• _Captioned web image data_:
────────────────
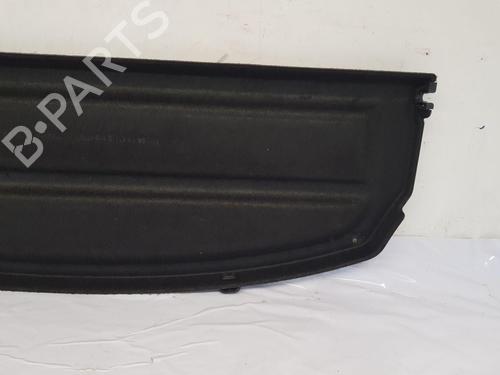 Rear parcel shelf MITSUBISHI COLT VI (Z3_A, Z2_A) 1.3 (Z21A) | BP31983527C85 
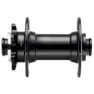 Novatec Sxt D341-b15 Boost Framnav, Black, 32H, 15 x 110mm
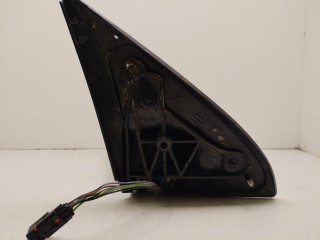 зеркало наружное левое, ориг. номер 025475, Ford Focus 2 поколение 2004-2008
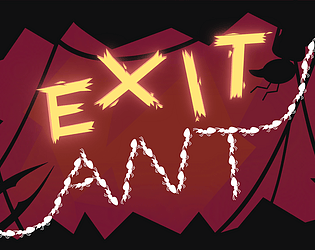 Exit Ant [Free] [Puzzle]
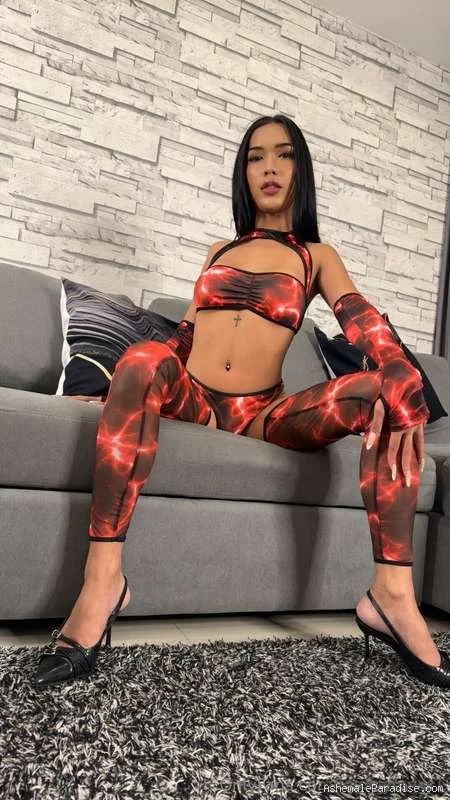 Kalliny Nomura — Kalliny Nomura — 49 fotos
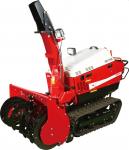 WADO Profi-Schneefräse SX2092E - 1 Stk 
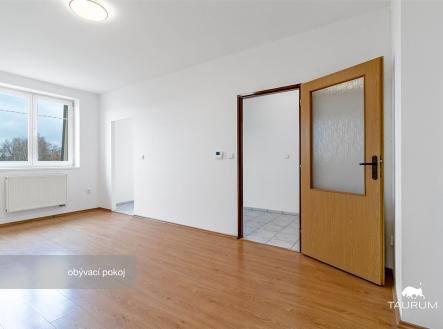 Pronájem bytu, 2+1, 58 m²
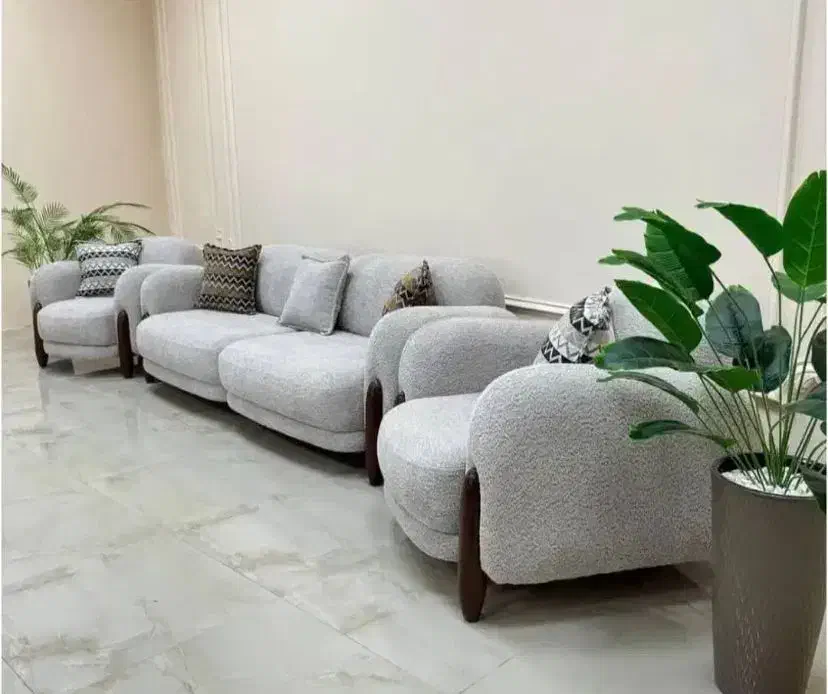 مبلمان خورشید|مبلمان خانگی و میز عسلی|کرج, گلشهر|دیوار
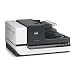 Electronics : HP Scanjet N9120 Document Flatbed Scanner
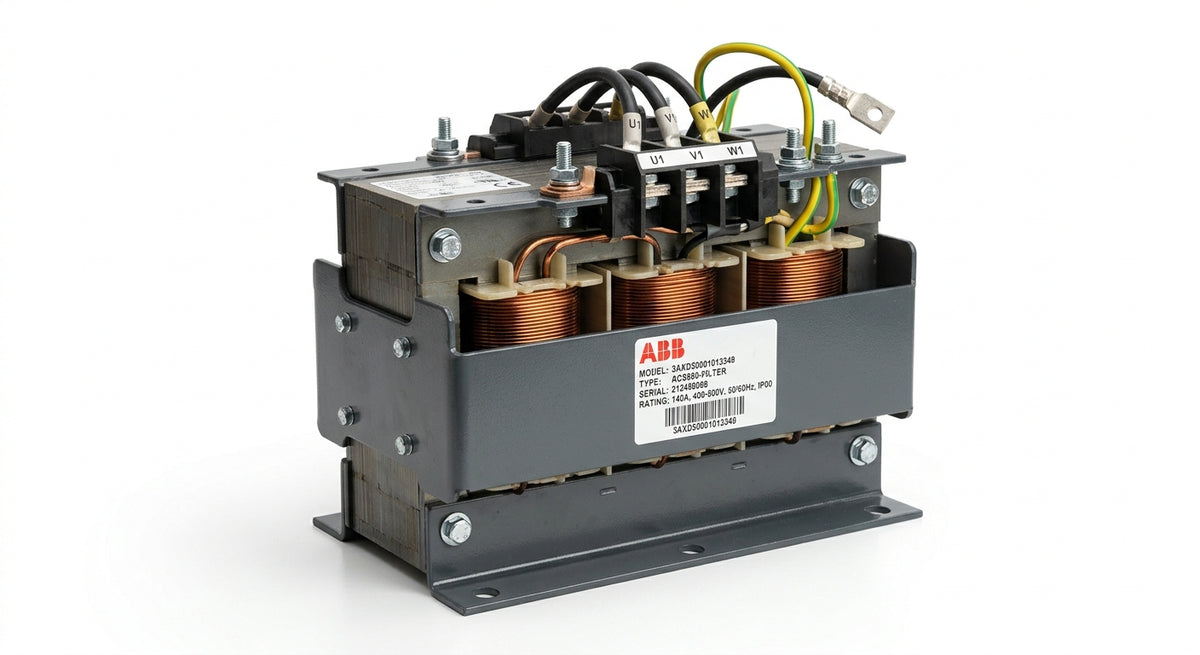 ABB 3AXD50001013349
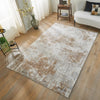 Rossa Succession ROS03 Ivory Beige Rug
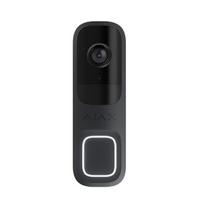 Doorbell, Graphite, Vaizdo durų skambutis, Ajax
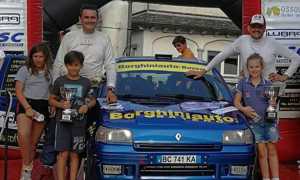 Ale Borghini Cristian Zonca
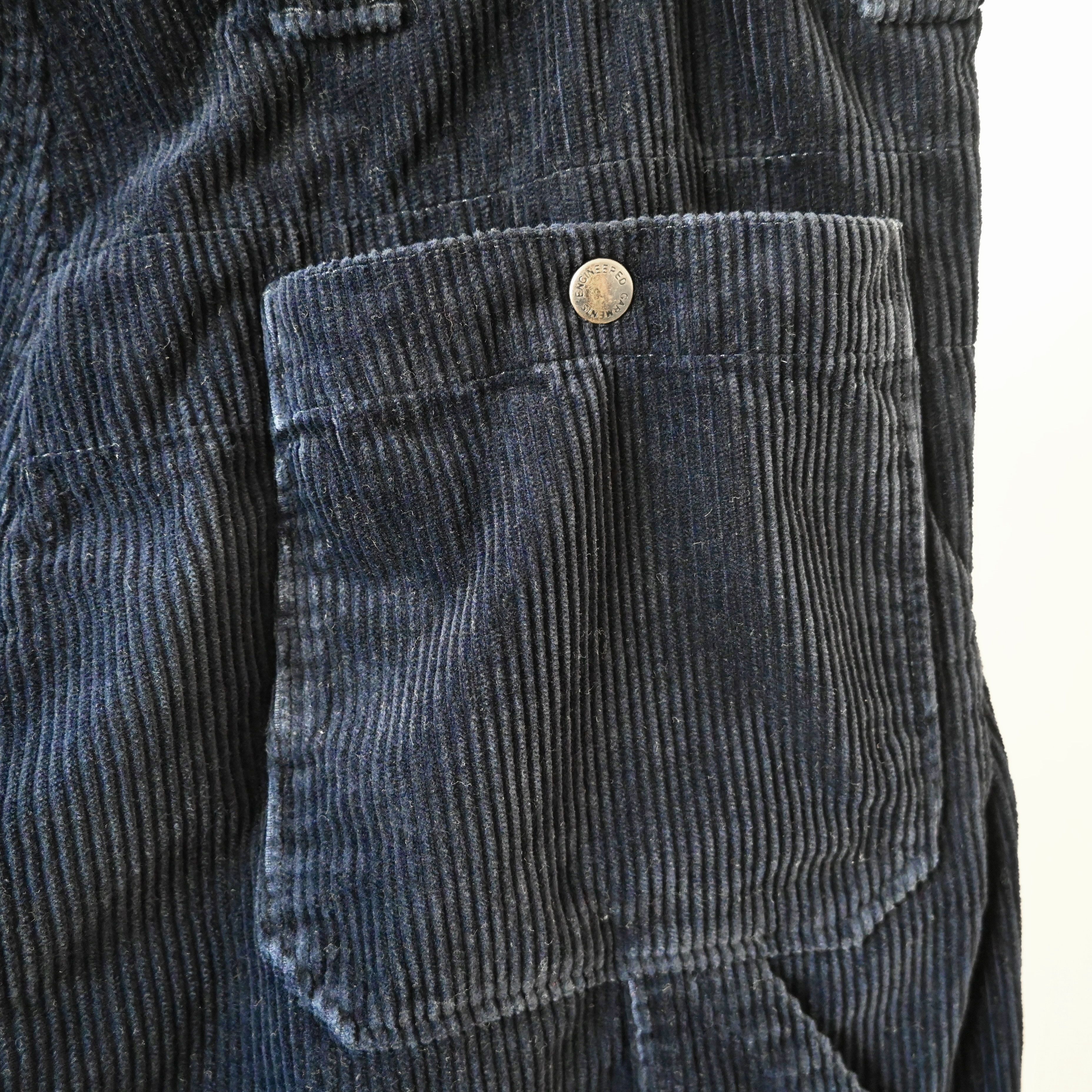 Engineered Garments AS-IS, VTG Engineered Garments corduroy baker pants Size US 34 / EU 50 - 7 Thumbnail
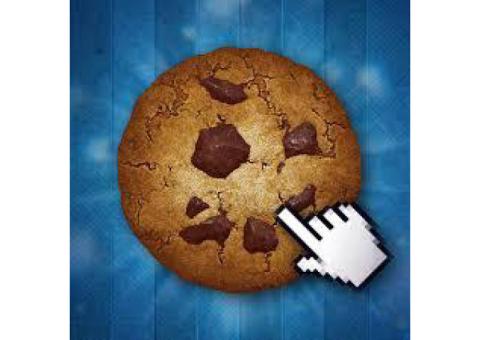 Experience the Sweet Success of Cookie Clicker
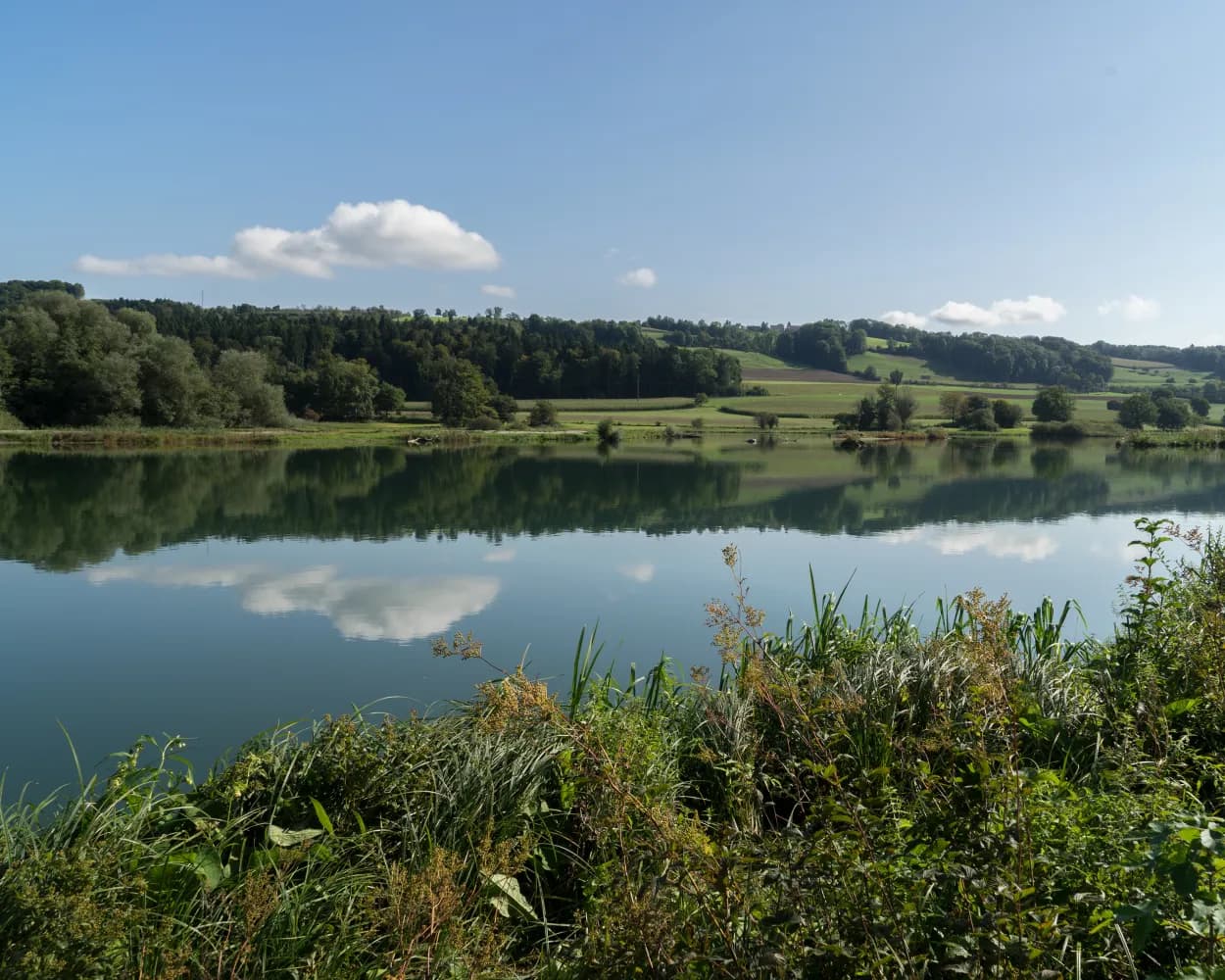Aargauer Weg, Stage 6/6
────────────────
Return nothing except the lines from the one containing "Pronájem bytu, 2+1, 58 m²" through the final line of the data, copied exactly. Leave out all pictures.

 Pronájem bytu, 2+1, 58 m²
 مبلمان خورشید|مبلمان خانگی و میز عسلی|کرج, گلشهر|دیوار
 Electronics : HP Scanjet N9120 Document Flatbed Scanner
 ABB 3AXD50001013349
 Rossa Succession ROS03 Ivory Beige Rug
 Doorbell, Graphite, Vaizdo durų skambutis, Ajax
 Ale Borghini Cristian Zonca
 Engineered Garments AS-IS, VTG Engineered Garments corduroy baker pants Size US 34 / EU 50 - 7 Thumbnail
 Experience the Sweet Success of Cookie Clicker
Aargauer Weg, Stage 6/6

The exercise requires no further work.